[doc] add xpu-memory-management (#2504) (#2560)

guangyey · gujinghui · web-flow · commit 68cdc439dc88 · 2023-04-17T21:39:02.000+08:00
[doc] add xpu-memory-management add usm python API decrepated warning --------- Co-authored-by: Jinghui <jinghui.gu@intel.com> (cherry picked from commit 1344b88)
diff --git a/csrc/include/xpu/Utils.h b/csrc/include/xpu/Utils.h
@@ -30,6 +30,8 @@ namespace dpcpp {
 /// @param strides: strides.
 /// @param device_id: device id.
 /// @returns: Tensor.
+C10_DEPRECATED_MESSAGE(
+    "fromUSM is deprecated. Please use the USM-based DLPack solution instead.")
 IPEX_API at::Tensor fromUSM(
     void* src,
     const at::ScalarType stype,
@@ -40,6 +42,8 @@ IPEX_API at::Tensor fromUSM(
 /// Get a pointer of united shared memory from a tensor.
 /// @param src: Tensor.
 /// @returns: a pointer of united shared memory.
+C10_DEPRECATED_MESSAGE(
+    "toUSM is deprecated. Please use the USM-based DLPack solution instead.")

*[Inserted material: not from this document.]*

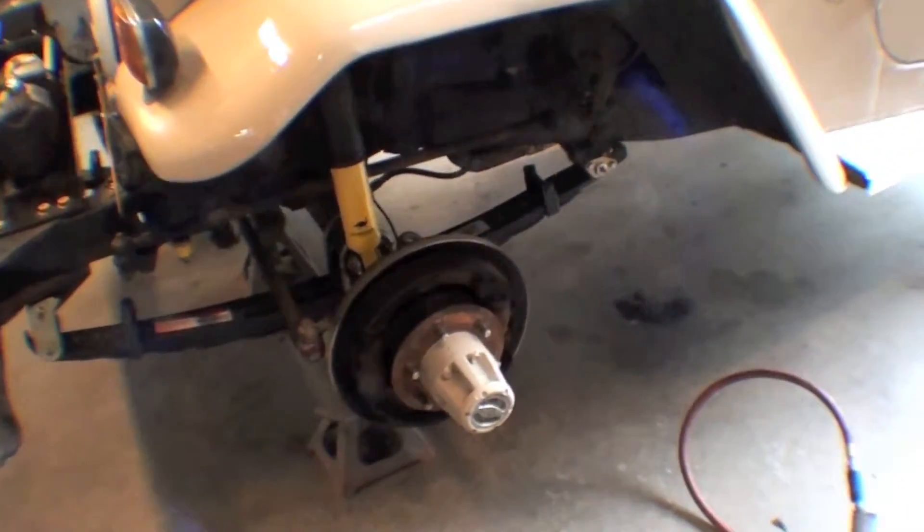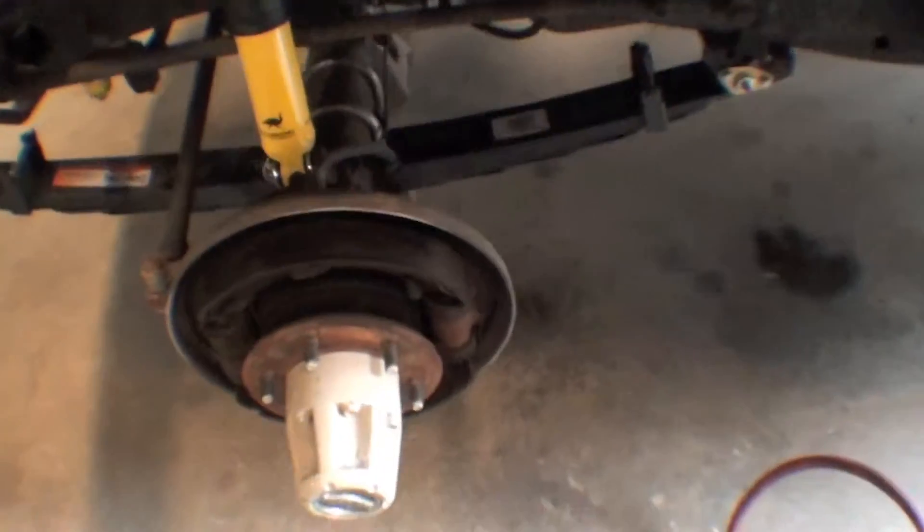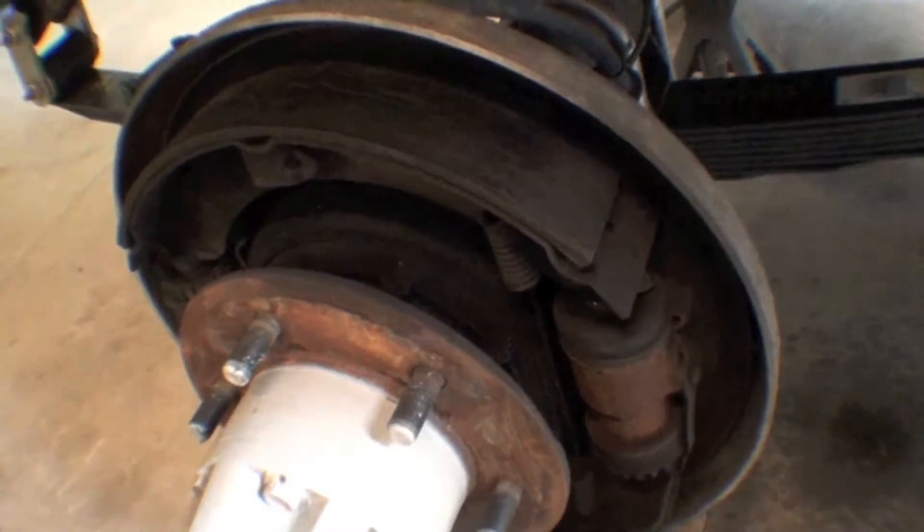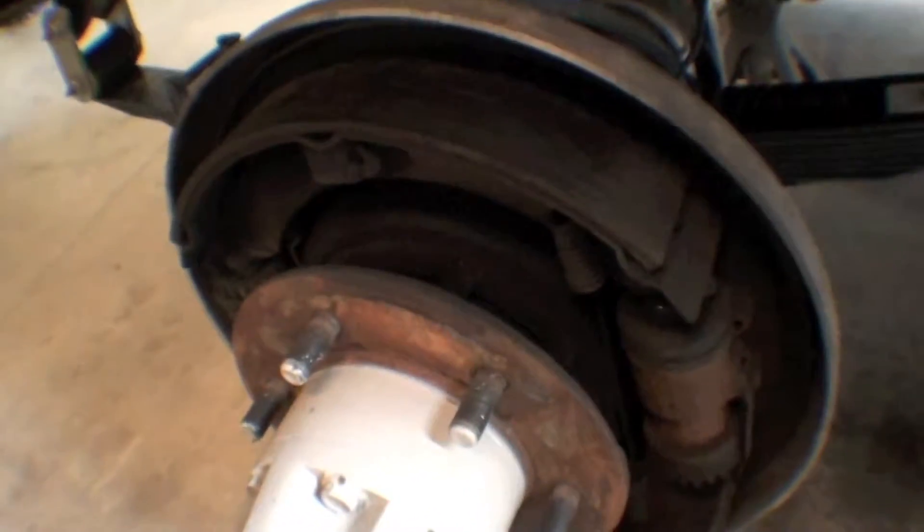Now we're just taking the wheels and drums off to check the brakes. My tech was showing me — oh, absolutely this one is all cracked out there, which is very odd. We're checking the wheel cylinders and stuff like that; they're definitely out of adjustment. We'll probably end up replacing these — that does seem like a pretty good safety issue there.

 IPEX_API void* toUSM(const at::Tensor& src);
 
 } // namespace dpcpp
diff --git a/docs/tutorials/technical_details.rst b/docs/tutorials/technical_details.rst
@@ -39,12 +39,31 @@ Optimizers are a key part of the training workloads. Intel® Extension for PyTor
 2. SplitSGD for BF16 training, which reduces the memory footprint of the master weights by half. **[CPU]**
 
 
-For more detailed information, check `Optimizer Fusion on CPU <technical_details/optimizer_fusion_cpu.md>`_, `Optimizer Fusion on GPU <technical_details/optimizer_fusion_gpu.md>`_ and `Split SGD <technical_details/split_sgd.html>`_ 
-
 .. toctree::
    :hidden:
    :maxdepth: 1
 
    technical_details/optimizer_fusion_cpu
    technical_details/optimizer_fusion_gpu
    technical_details/split_sgd
+
+
+.. _xpu-memory-management:
+
+Memory Management [GPU]
+---------------------------------
+
+Intel® Extension for PyTorch* uses a caching memory allocator to speed up memory allocations. This allows fast memory deallocation without any overhead.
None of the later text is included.